Europa auf dem Scheideweg
Christian Klepej | 28. November 2011 | Keine Kommentare
Kategorie: Editorial, Fazit 77
Michael Fleischhacker hat erst am vorletzten Wochenende in einem gewohnt lesenswerten Leitartikel davon geschrieben, dass weder ein Mehr noch ein Weniger an Europa »das Ende der Welt« bedeuten würde. Verkürzt meint er mit »mehr Europa« eine echte Wandlung der Union hin zum Bundesstaat – eine Entwicklung, die alle Regierungspolitiker der EU rund um die Jahrhundertwende sich und ihren jeweiligen Nationen nicht zugetraut haben – und mit »weniger« das Ende des Euros in seiner heutigen Form. (Nicht aber, zumindest nicht zwingend, ein Ende der Europäischen Union.)
Als noch immer glühender Europäer bin nun der Auffassung, dass ein »Zurück an den Start« dringend angebracht wäre. Die Hilflosigkeit, mit der etwa Binnenmarktkommissar Michel Barnier dem Ratingproblem der europäischen Staaten begegnet, ist himmelschreiend. In einem Vorabentwurf eines Ratingagenturen-Gesetzes schlägt er laut Financial Times Deutschland allen Ernstes vor, Veröffentlichungen von Einschätzungen über die Zahlungsfähigkeit »vorübergehend zu untersagen«. Zu Recht fragt sich da etwa das »Zentralorgan des Neoliberalismus« (Ortneronline.at), »warum nicht auch kritische Zeitungsberichte über den Schuldenstand der EU gleich mitverbieten«.
Und die Tatsache, dass der deutsche Finanzminister Wolfgang Schäuble nun bereits den Betrag von 1 Billion Euro in Verbindung mit dem Euroschutzschirm (berichtet ebenfalls die Financial Times Deutschland; durch einen finanzmathematischen Hebelmechanismus) in den Mund nimmt, zeigt deutlich auf, dass es offenbar nur mehr darum geht, den Karren wenigstens erst übermorgen und nicht schon morgen an die Wand fahren zu lassen.

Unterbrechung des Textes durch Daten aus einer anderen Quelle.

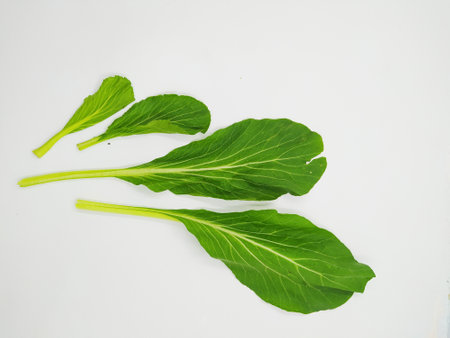 Four fresh green mustard leaves isolated on white backgroundの写真素材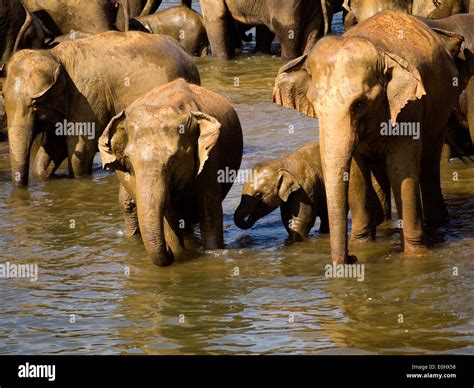 Elephant bathing at the orphanage in Sri Lanka Stock Photo - Alamy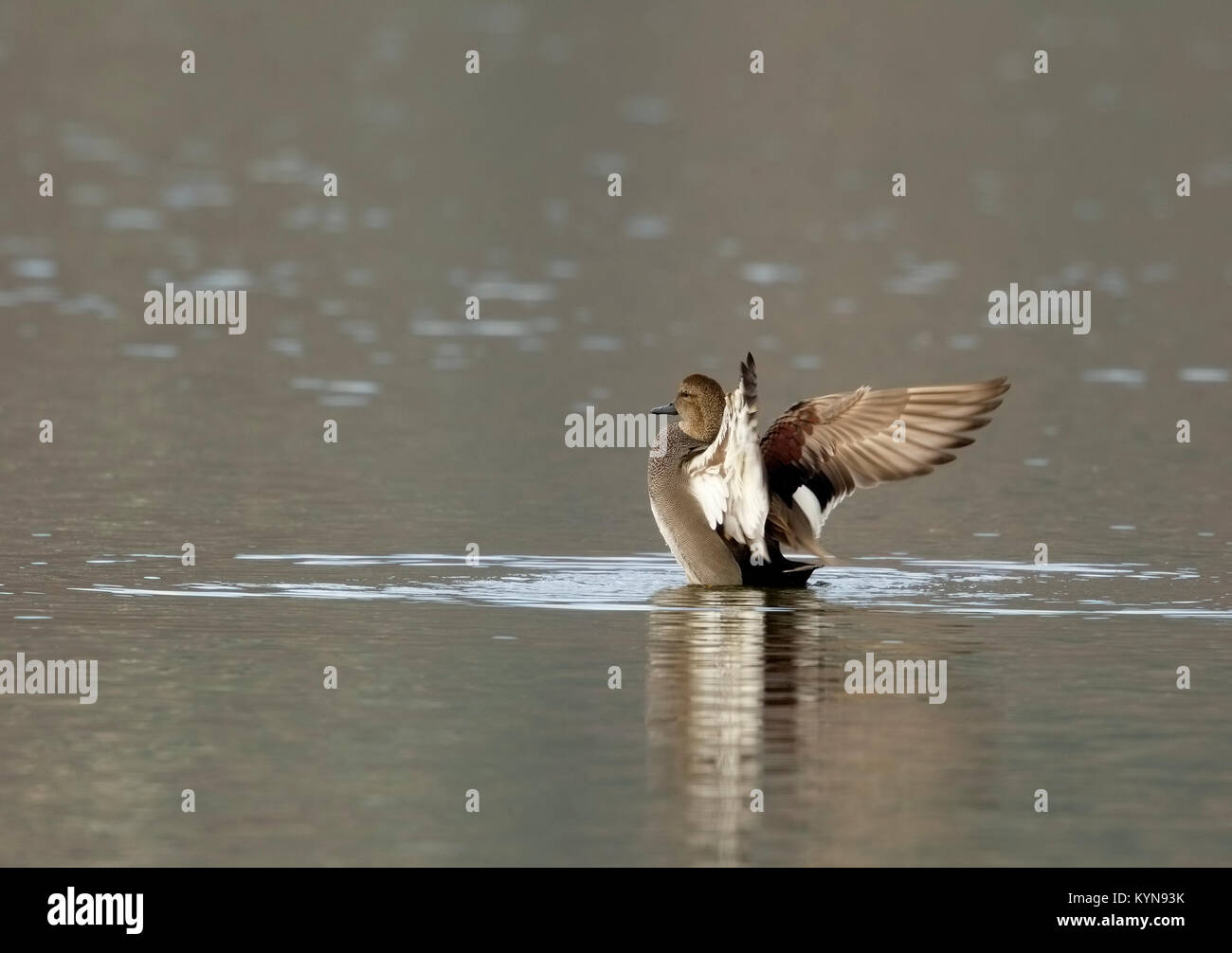 Schnatterente Drake Schlagflügel Stockfoto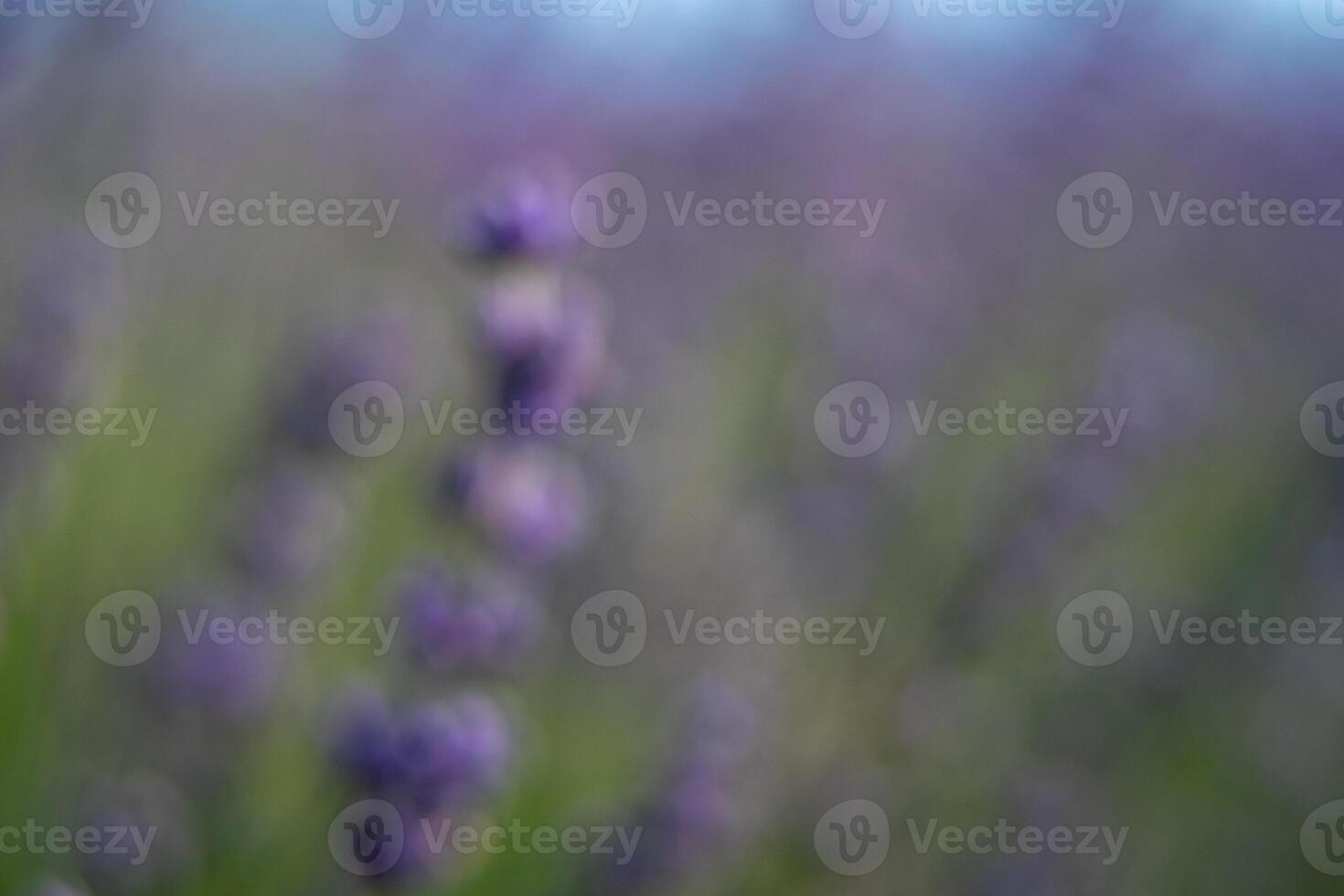 A blurry image of purple flowers with a mood of calmness and serenity photo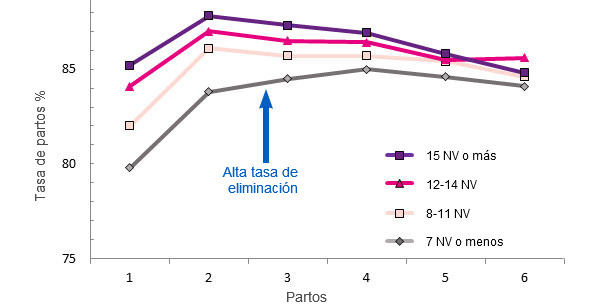 Producción de la vida de la cerda en función de los lechones NV en el primer parto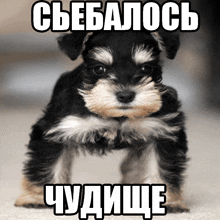 a small black and white puppy is standing in front of a foreign language caption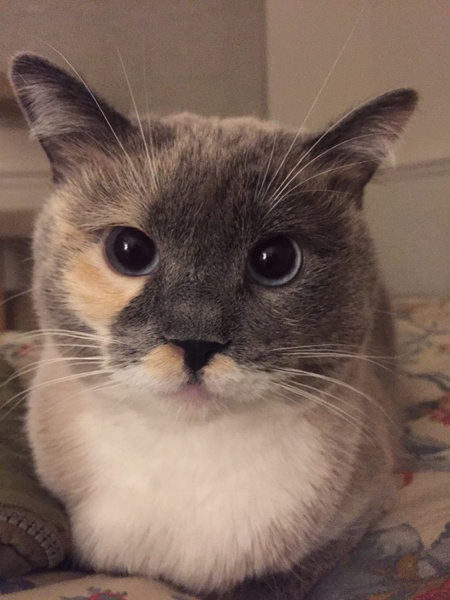 Entry image for Lily. Clicking this image will show a larger photo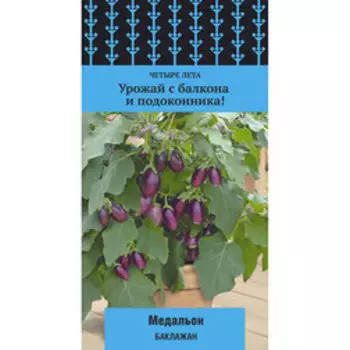 Баклажан Медальон (Четыре лета)
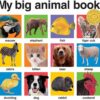 My Big Animal Book | ISBN 9780312511074 | Kalimat Store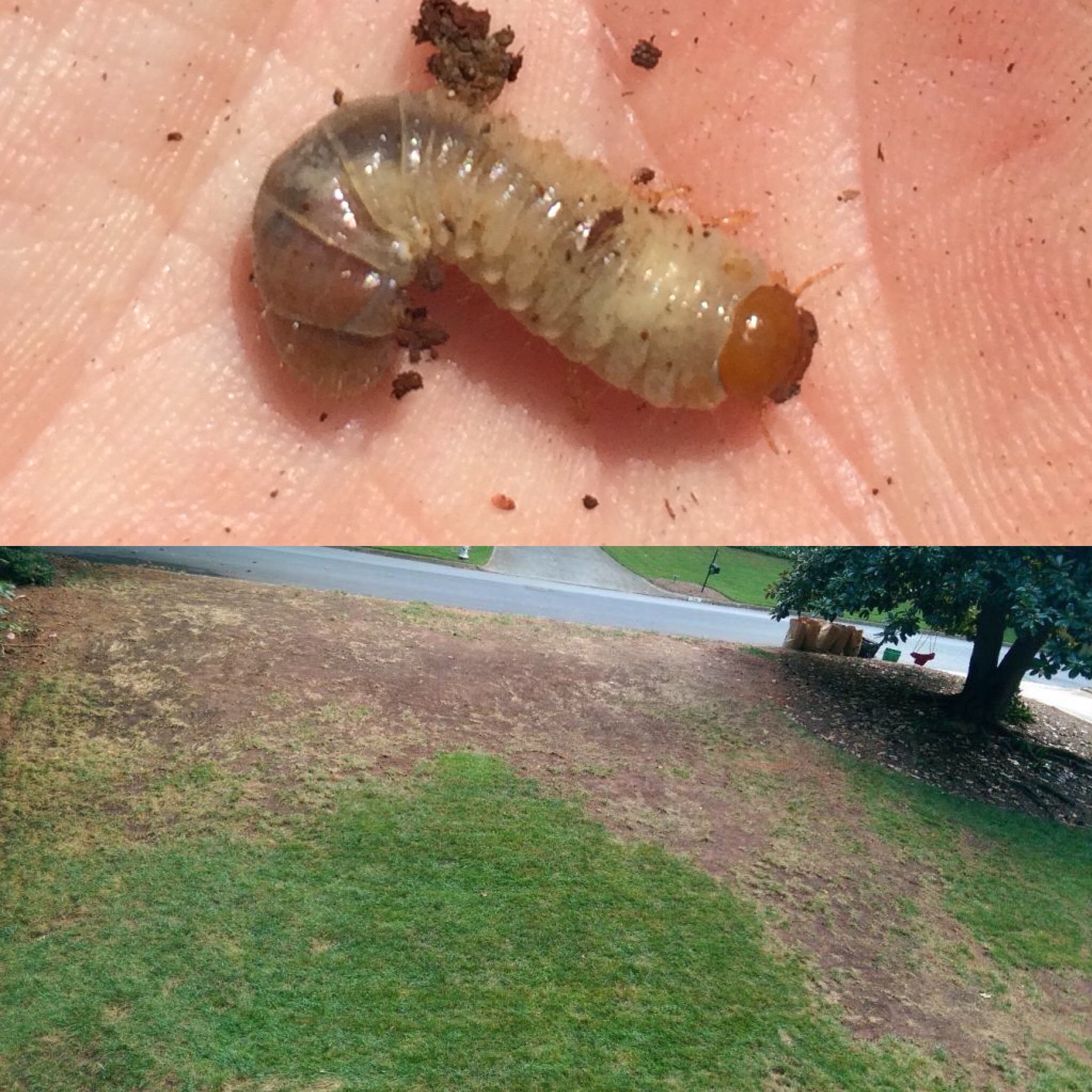 Lawn damage from grub worm infestation near Elkhart, IN.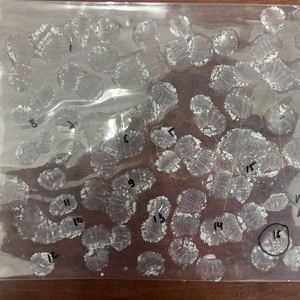 ข้าวขาวจัสมิน [เกรดเอ] |   29/5/2026 10:36 น. |   179/26 - Product Image 1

Will Europa, dieses unglaublich erfolgreiche Friedensprojekt und bis vor wenigen Jahren auch wirtschaftlich erfolgreiche Modell wirklich unbeschadet – will heißen: ohne kriegerische oder zumindest kriegsähnliche Zustände (die Vorboten hat es vor einigen Monaten in London und vorvergangene Woche bei »Aktionstagen gegen das diffuse Böse« europaweit bereits gegeben) – durch die nächsten Jahre kommen, muss die gesamte demokratische Struktur – von unten nach oben – neu ausgelegt werden.
Steht dann am Ende ein Staat Europa auf den Landkarten, mit europäischen Staatsbürgern und einer europäischen Regierung, dann soll mir und uns allen das recht sein. Gibt es keinen solchen Prozess, ist mir am Ende ein Schilling in der Tasche lieber als noch so viele Billionen Euro auf wertlosem Papier.